OmegaT+ Locales

Overview

OmegaT+ uses a locale standard in its operation. A basic use of a locale in OmegaT+ is in determining how to localize the user interface and select user documentation. This use of a locale is general to many applications that are enabled for multilingual operation. The differences between applications that use a locale will most likely be in the particular operating system or programming language implementation used by the application. Specific usage of a locale in OmegaT+ for translation purposes involves the set up of certain aspects of translation projects and file handling.

Locale

A locale in OmegaT+ encompasses the system locale of the computing environment, but also involves internal usage within the program specifically used in translation projects and the processing of documents. As such, it is not exclusively concerned with the text contents of documents; text contents are treated as a separate and integral part related to the locale. The use of a locale in OmegaT+ is based on the Java Internationalization framework and is specified in terms of a locale code.

Locale Codes

Locale codes (a.k.a. locale names or locale IDs) are based on locales as implemented in the underlying Java Internationalization framework. This is basically the combination of a language code and a country code, which many people refer to inclusively as a just the language code, with the requirement that the language code must be lowercase, the country code must be uppercase, and both are connected by an underscore. There is also an optional variant code, the use of which is not defined by any standard and is left up to the application vendor to implement. At present, OmegaT+ does not use a variant code in conjunction with the locale code.

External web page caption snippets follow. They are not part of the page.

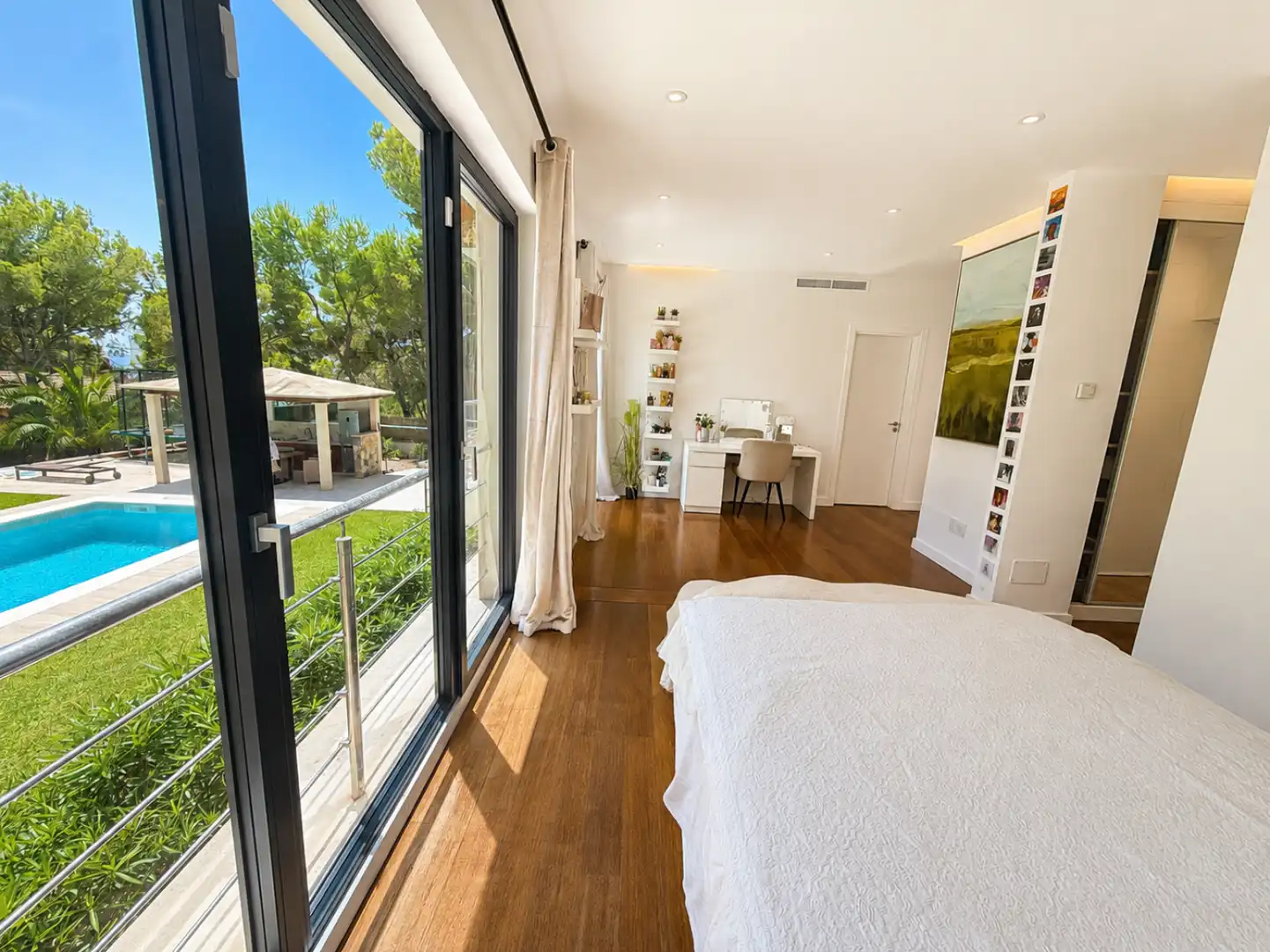 House with pool for sale in Cala Vinyes - carrer del sol 12, imagen 30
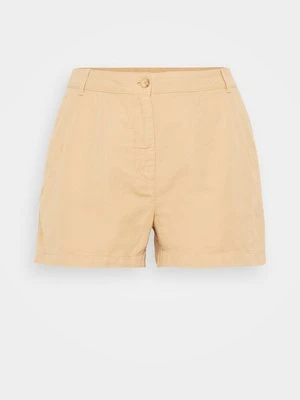 Szorty Tommy Hilfiger czarny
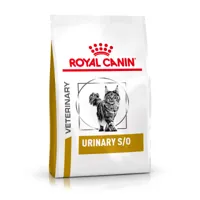 royal canin veterinary urinary s/o - 3,5 kg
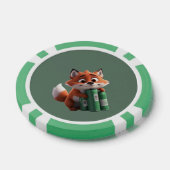 Fox-Power Pokerchips (Einzeln)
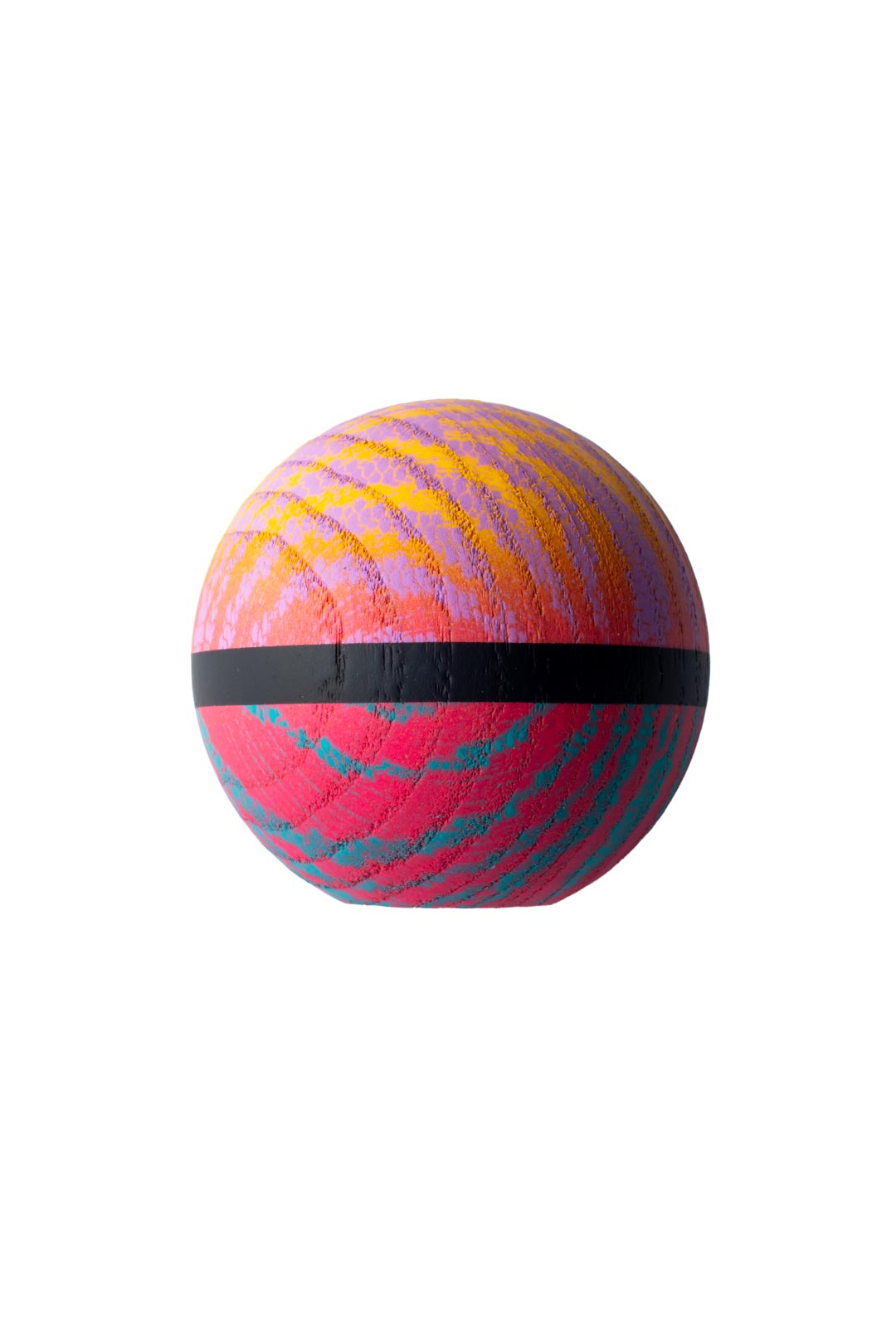 けん玉　玉のみ　su lab. ARE series Tama Only A Purple Su Lab Collab - Sol Kendamas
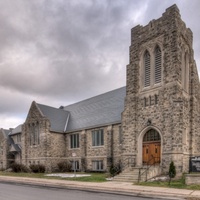 St Andrew's Presbyterian Church, Newport Beach, CA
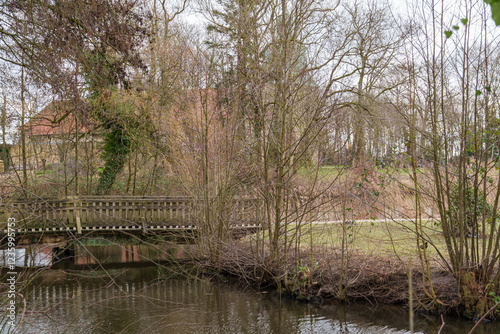 Fürstenau im Onsabrücker Land photo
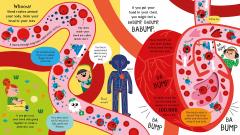 Step Inside Science: Your Body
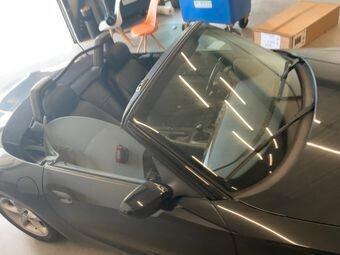 Bmw Z4 2.5i cat Roadster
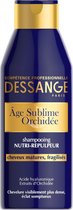 DESSANGE Age Sublime Shampoo Nutri-plumping Orchid 250ml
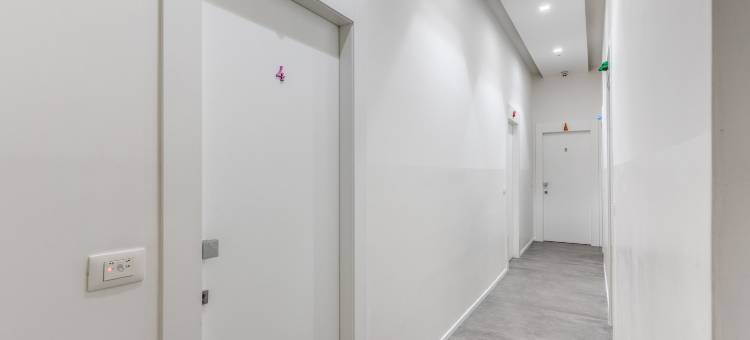 那不勒斯画廊套房酒店(Gallery Suite Naples)图片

It should be noted that a locale code precedes what many refer to as a language code (a form of locale code). The two are similar, but present differences in letter case, use of connective; e.g. hypen or underscore, and the type and number of possible extra tags (subtags). In OmegaT+, a language code can be used without concern. The reason for using a locale code, instead of a language code, to refer to these similar things is because that is what OmegaT+ is presenting to the user, as well as using internally.

In practice, there is no real confusion in this matter and it is not necessary to be too concerned about locale code versus language code or any internal details related to locale code usage. Just keep in mind that there are some differences and confusion may arise when terminology is mixed.

Compatibility

There is no compatability issue for end users to be concerned with since it is possible to use the same locale codes and language codes in OmegaT+ as are used in similar applications.

Related Standards

Language

Defined by the World Wide Web Consortium in RFC 4646, combined with RFC 4647, (obsoletes RFC 3066) for use in HTML and XML documents. This standard goes way beyond what OmegaT+ can provide. There are a number of subtags that can be used, but in many instances the language code and region (country) code should be sufficient.

OmegaT+ is oriented more towards RFC 3066 (replaces RFC 1766) at this time. In general, this uses a two character language and two character country code connected by a hyphen. The type case is not important in general, but certain implementations specify a particular case for the combination of language code and country code.

Locale

Defined in the ANSI C Standard (ISO 9899) and Java Internationalization framework. Both use a two character language and two character country code connected by an underscore. Language code is lowercase. Country code is uppercase. A variant code is also specified, in different ways in each, but not defined. All codes are optional.

Language Codes

Defined by ISO 639 (obsolete). Part 1 of the standard (639-1) defines two character country codes and part 2 (639-2) defines three character codes.

Country Codes

Defined by ISO 3166. Part 1 of the standard (3166-1) defines two character country codes and part 2 (3166-2) defines three character codes.

Variant Codes

Not defined by particular standards or codes. Implementation and application dependent, where used. Not presently used in OmegaT+. Possible use in future.

Other Codes

Certain implementations make use of extra codes in addition to the usual language and country codes, not to mention the variant. These other codes are not used in OmegaT+ and are not supported by Java. No plans at present to implement use of these.